La masse de fumée qui s’élève derrière Marie reste à interpréter. John Shearman avait compris qu’il s’agissait de fumée d’encens, et si cette interprétation était correcte, l’encens servirait de médiateur entre le ciel et la terre, puisque c’est la fumée d’encens, dans la tradition religieuse, qui porte les prières au ciel. Selon Cody, cependant, la fumée pourrait également faire allusion au concept théologique d’obumbratio tel qu’il est exprimé dans l’Évangile de Luc, où nous lisons que l’archange Gabriel, en annonçant à Marie la conception de Jésus, lui dit que “l’Esprit Saint descendra sur toi et que la puissance du Très-Haut te couvrira de son ombre”. Le nuage de fumée pourrait donc être la représentation de l’Esprit Saint descendant sur la Vierge, la couvrant de l’ombre de Dieu. Il s’agit en somme de la présence physique de l’Esprit Saint. Enfin, la présence projetée de saint Bonaventure pourrait s’expliquer sur la base de son Itinerarium mentis in Deum, un ouvrage théologique qui est presque un guide mystique, une sorte de manuel sur la manière d’élever l’âme des choses terrestres jusqu’à l’union avec Dieu. Andrea del Sarto a peut-être structuré le tableau de manière à ce que l’observateur suive le même chemin que celui décrit par saint Bonaventure, qui invitait à regarder la beauté de la création pour percevoir la beauté de Dieu : l’artiste s’est donc efforcé de captiver l’observateur par la beauté sensorielle (les couleurs vives, les drapés réalistes, la douceur des visages...) et de lui offrir des outils pour solliciter ses sens : outils pour solliciter les sens des moniales et initier l’ascension), de capter l’œil puis de l’obliger à réfléchir, à passer de l’œil à l’esprit, à méditer sur le mystère de l’Incarnation, à ne plus regarder avec les yeux seulement, mais avec la tête.

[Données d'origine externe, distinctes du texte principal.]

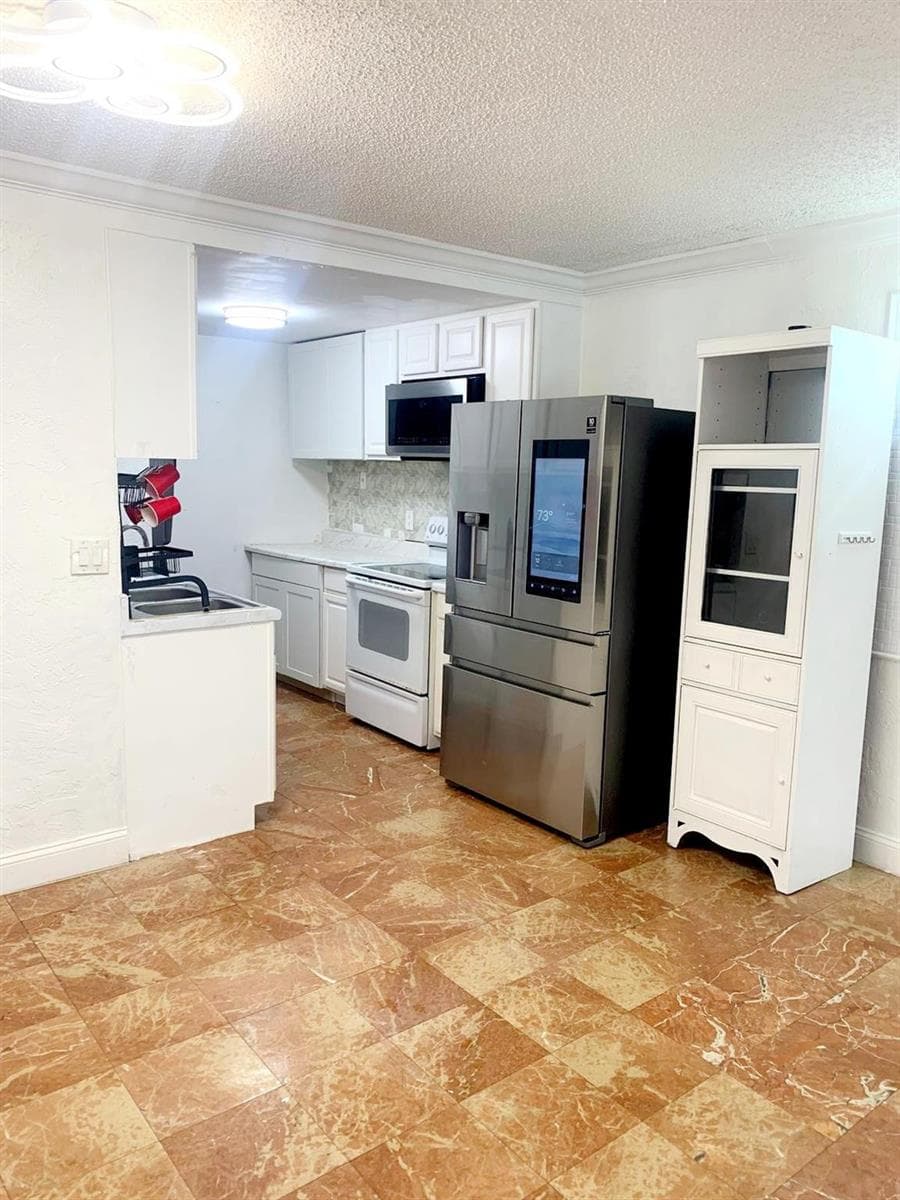 10234 Twin Lakes Drive # 16-d, Coral Springs, FL 33071 photo 4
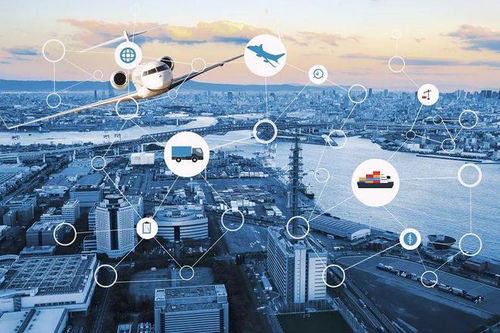 兩大貨代先后出手收購 貨代業(yè)并購潮蔓延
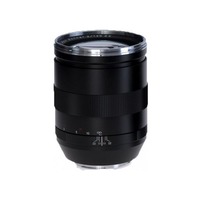 Carl zeiss Apo Sonnar T* 2/135 ZE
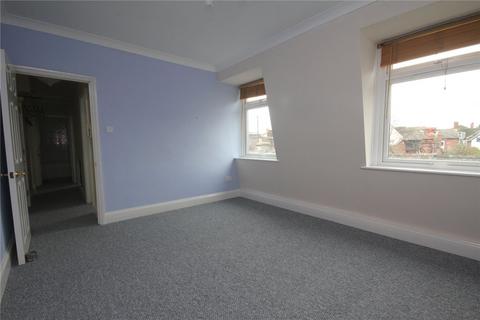 2 bedroom apartment to rent, Millstream House, 6 Millhams Street, Christchurch, Dorset, BH23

Et la présence du nuage de fumée pourrait aussi s’expliquer dans ce sens : puisque Dieu est trop grand pour être compris, l’excès de lumière divine apparaîtra à l’esprit humain comme de l’obscurité. Comme lorsqu’on fixe trop longtemps le soleil et qu’on ne voit plus rien. Ici, le nuage sombre pourrait représenter visuellement ce concept : la lumière divine est si intense qu’elle devient une ombre pour l’œil humain. La dernière phase est donc l’extase : selon Cody, les couleurs vives et la lumière d’Andrea del Sarto ont été conçues pour permettre cette ruée extatique vers Dieu. Une peinture qui est en fait, selon cette lecture, une machine spirituelle bonaventurienne.

Il est difficile, en définitive, d’établir quelle est la lecture la plus convaincante. Il est probable que d’autres chercheurs continueront à se pencher sur ce chef-d’œuvre, l’un des plus difficiles de la peinture florentine du XVIe siècle, qui fait partie des collections des Médicis depuis 1704 (c’est le dernier retable que le grand prince Ferdinand décida de faire enlever des églises de Toscane pour le faire entrer dans sa propre collection) : En contrepartie, l’église a bénéficié d’une restauration complète, dirigée par l’un des plus grands artistes de l’époque, Giovanni Battista Foggini). Et comme il fait partie des anciennes collections grand-ducales, aujourd’hui tout le monde peut le voir aux Offices : c’est l’une des pierres angulaires de la collection et l’une des peintures qui fascinent le plus les milliers de visiteurs qui, chaque année, voient ce qui était autrefois réservé aux seules religieuses de San Francesco de’ Macci.


Avertissement : la traduction en français de l'article original italien a été réalisée à l'aide d'outils automatiques. Nous nous engageons à réviser tous les articles, mais nous ne garantissons pas l'absence totale d'inexactitudes dans la traduction dues au programme. Vous pouvez trouver l'original en cliquant sur le bouton ITA. Si vous trouvez une erreur,veuillez nous contacter.